Fast-forward to last week in the US when something kept telling me to order another copy (I’ve lived in a few countries, including Nigeria, and always feel compelled to buy this book anywhere I live but never find time to read it). So, I ordered yet another hard copy and then saw Amazon’s Kindle deal while the first copy was in transit in the post. It was a no-brainer — the Kindle version would solve my traveling woes! Moreover, I devoured it in 3 days! Then I discussed certain passages with my parents whose grandparents would have been Okonkwo’s peers and this precipitated priceless family discussions, taking my parents back to their respective childhoods.
Having been born in the US, I can count the number of times that we’ve tried to have similar discussions that ended up falling flat. I believe my re-reading of Achebe’s book, plus my mother’s grand decision to transplant me from the US and enroll me in a Nigerian secondary school decades ago, FINALLY helped us share and construct parts of our family’s historical story’s center that had never really had the chance to come together — not to talk of fall apart.
The novel also elicited compassion from me that gets buried (far) beneath the frustration at present-day Nigeria, which I’ve recently lived in and visit often. In Things Fall Apart, Achebe describes this functional society — sure, without the technological advances of iron horses and Western education — but functional enough to maintain law and order, as well as family and community (kinship) structures.
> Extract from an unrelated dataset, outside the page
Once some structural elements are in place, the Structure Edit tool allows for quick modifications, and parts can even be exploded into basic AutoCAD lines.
My parents say that they remember some of those days and now I understand the heartbreak and ambivalence they must feel when they look at Nigeria today.
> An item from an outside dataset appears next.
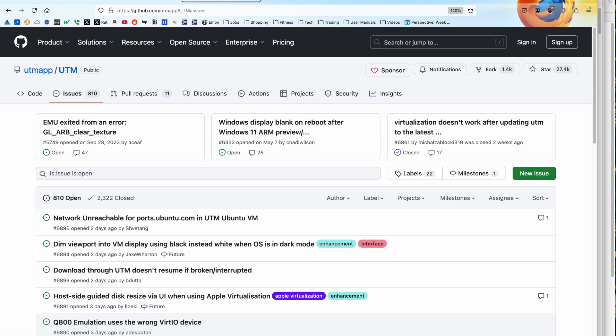I haven't done a video on UTM and Windows on Apple Silicon and ARM for a long time. And I had one of my users mention that they couldn't get the installation to work because they got basically this error.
I also finished the book with more compassion towards pre-colonial worshippers of traditional or cultural gods. Achebe cleverly shows that it wasn’t much different from Christianity other than the multiplicity of mediator gods and the exclusion of certain groups and the sad, unfortunate mistreatment of twins. (My parents have a family friend who was an only child because his mother had given born to FOUR sets of twins — all of whom were you-know-what). As a Christian, I can easily rattle off the vast differences but sometimes it’s helpful to look at similarities, so you can understand where people are coming from and why they see things the way they do, and therefore do the things they do. The Igbos were just one ethnic groups in Nigeria that had to make decisions and adjustments to literally abandon who they were. Never mind how many other groups had to do the same across the entire country and continent!
Finally, I was struck by how certain elements of this 60 year-old novel foreshadows aspects of present-day Nigeria. In particular, the part about the colonial government messengers and 250 cowries had me howling out loud! Obviously, I don’t want to give it away, so please feel free to share your thoughts on this aspect after you’ve read the book!
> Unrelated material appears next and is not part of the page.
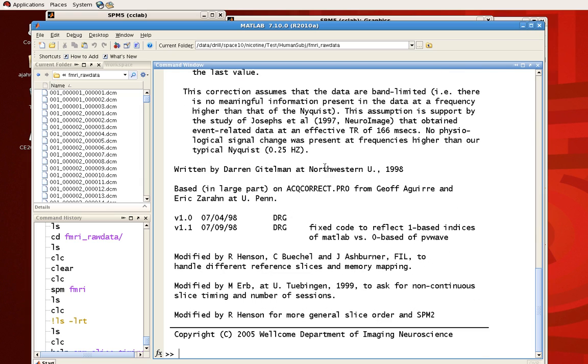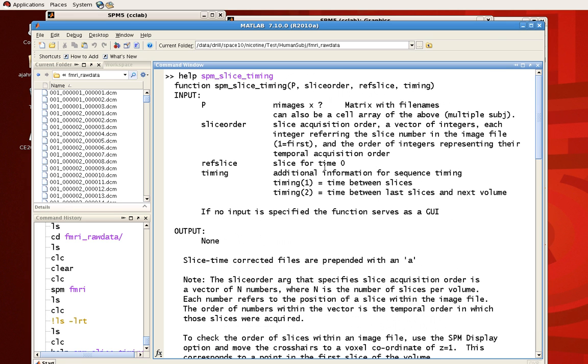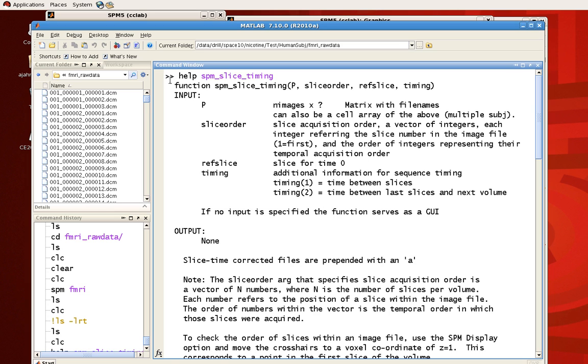So what it needs here, it needs four arguments. It needs p, which is a list of images. It needs the slice order, like we talked about last time. Did you acquire them interleaved? Did you acquire them sequentially? It needs a reference slice to correct to, and it also needs a timing vector. This timing variable has two values: the time between slices, and the time between the last slice and the next volume. So let's cover this step by step. First we're going to talk about p, then slice order, then the reference slice, and then timing.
While I understand Chimamanda Adichie’s warning not to heed to the narrative of a single story, Things Fall Apart is one story that I am proud to say represents an aspect of my heritage superbly. Achebe should have won the Nobel Peace Prize for Literature because of the understanding Things Fall Apart presumably fostered between colonized peoples and their colonizers, between colonized people in general, and between people around the world in a much broader sense — and still does.
In short: I simply adore this book and hope you do, too!